Ramazan nefsi terbiye, yardımlaşma ve fakirin halinden anlama ayıdır. Buna mukabil konu komşu hısım akrabayla hep birlikte nimetleri paylaşma ayıdır. Hasılı çok yönlü olması hasebiyle tüm toplum kesimleri ile birlikte bir sosyalleşme ayıdır ramazan.

Yardımlaşma demişken son zamanlarda devlet erkanı, belediyeler, kimi siyasi partiler olsun birtakım etkinliklerde ve yardım faaliyetlerinde bulundukları zaman, adeta bunları insanların gözüne sokar gibi televizyonlarda, gazetelerde, sosyal medyada pek çok mecrada gösterisi yapılıyor.

Bilhassa törenle patates, soğan dağıtılıyor!..

Bir hükûmetin görevi halkın en doğal gıda ihtiyacını karşılayacak geçim koşullarını sağlamak değil midir? Bunu yapamıyorsa ne yapması gerektiği belli değil midir?

Allah aşkına biri de demiyor mu, ''bu insanları rencide etmeye hakkınız var mı?'' diye.

''Rencide olmuyorlar ki, yardım götürülüyor kötü bir şey mi?'' diyebilirsiniz, ancak elinizi vicdanınıza koyun ve cevap verin, aynı durumda siz olsaydınız ne hissederdiniz?

O görüntüleri onaylıyor musunuz?

İnsanlar niçin bu şekilde rencide ediliyor?

Hani sağ elin verdiğini sol el bilmeyecekti?

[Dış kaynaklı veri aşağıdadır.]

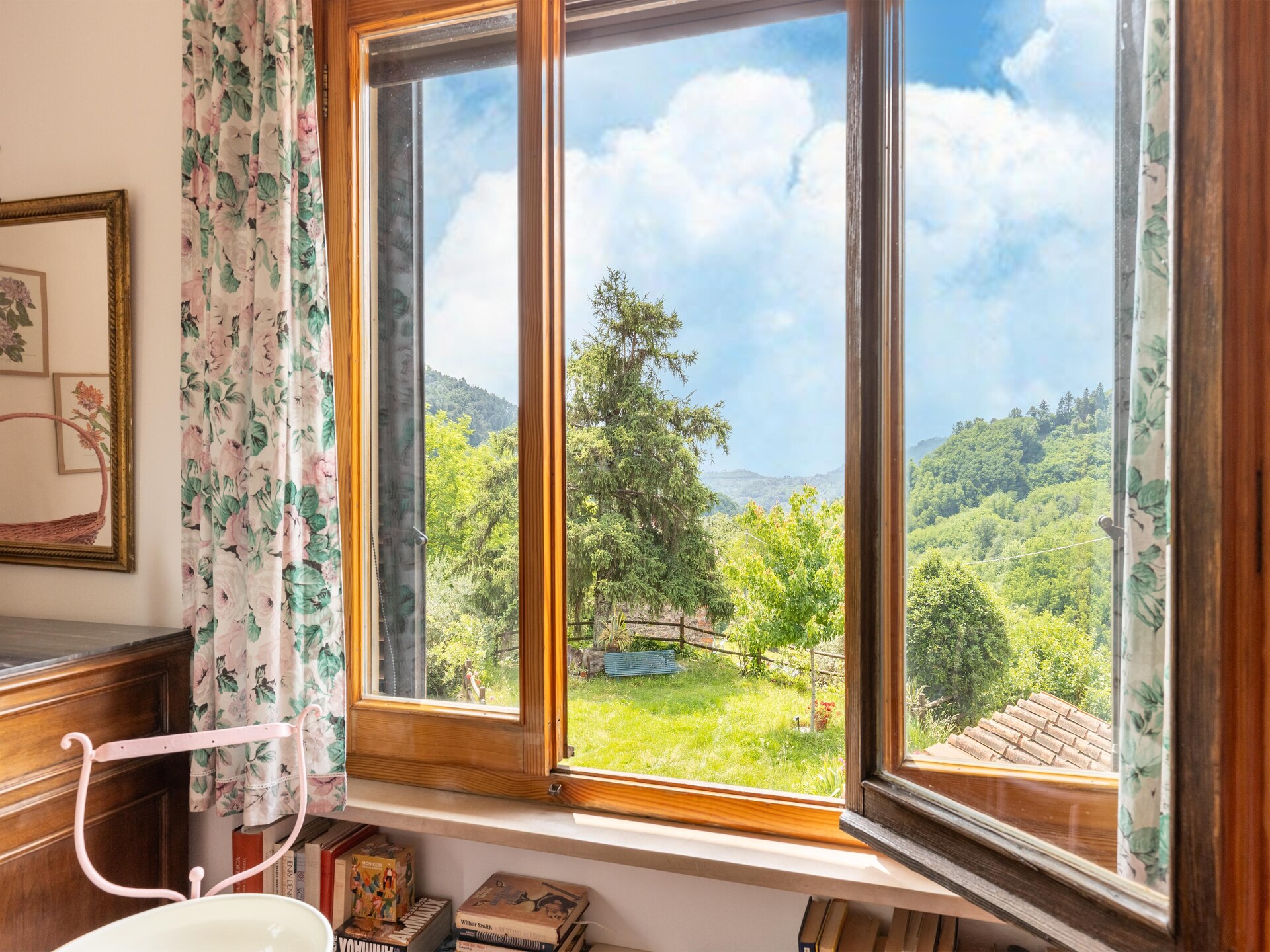 Toscaans vakantiehuis in de bossen bij Marliana, 6 personen - foto 32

Elbette infakın, yardımın teşvik için açıktan yapılması da gerekiyor, lakin bu şekilde insanların onuru kırılacak derecede yapılması kastedilmiyor herhalde...

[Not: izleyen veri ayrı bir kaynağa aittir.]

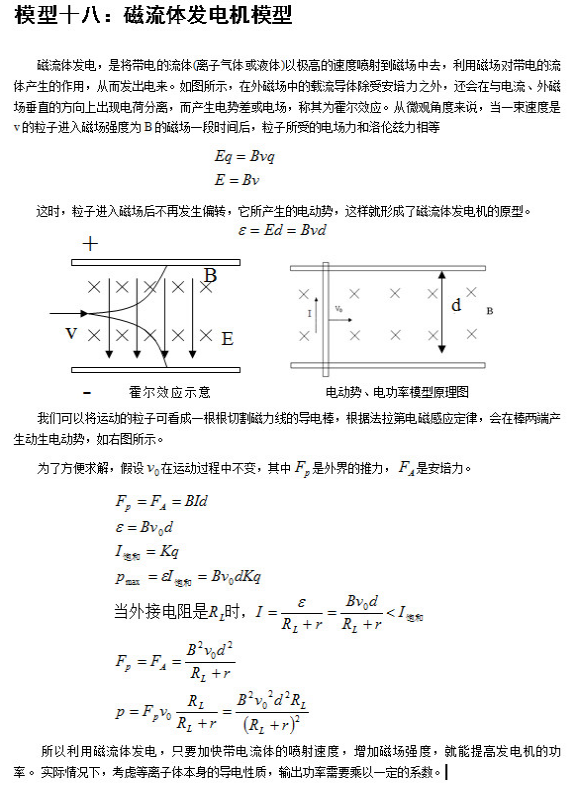历年高考常考到的物理知识盘点35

Bakın söz gelimi Osmanlı döneminde zenginler, hayır sahipleri rastgele bir bakkala, manava girer Zimem defterini (veresiye defteri) ister, rastgele baştan ortadan sondan sayfaları kopartarak ya da tamamını satın alır, esnafa hesap ettirir ve orada yırtarmış. Böylece ihtiyaç sahiplerinin borçları ödenmiş olurmuş. Ne borç ödeyen kişi, kimin borcunu ödediğini bilir ne de borcu ödenen kişi, borcunu kimin ödediğini bilirmiş. Yani insanlar minnet altında bırakılmazmış. Yapılanı sadece Allah cc bilirmiş.

İnceliğe bakar mısınız!

Bununla birlikte faraza ''Sadaka Taşları '' vardı. Temeli Selçukluya kadar giden Osmanlı dönemi herkesçe bilinen harikûlade bir yardımlaşma ve dayanışmasının sembolüydü. Genelde camilere ve belli bölgelere ihtiyaç sahiplerini rencide etmemek için sadaka taşı inşa edilmiştir. Ne yardım yapan kişi yardımı alanı görür, bilir, tanırdı ne de ihtiyaç sahibi yardım yapanı görür bilir, tanırdı. Mamafih ihtiyaç sahipleri kimseye mahcup olmadan ihtiyacı kadarını alır, gerisini başka bir ihtiyaç sahibine bırakır, kimseye el açmadan ihtiyaçlarını karşılarlarmış. İnfak eden kişi de riyadan uzak, gösteriş yapmadan yardımda bulunur, gönül rahatlığıyla sadakalarını verirlermiş. Makedonya, Bosna-Hersek, Bulgaristan'dan Türkmenistan-Aşgabat, Tunus, Cezayir'e kadar Osmanlı'nın hüküm sürdüğü yerlerde bulunmaktaydı sadaka taşları.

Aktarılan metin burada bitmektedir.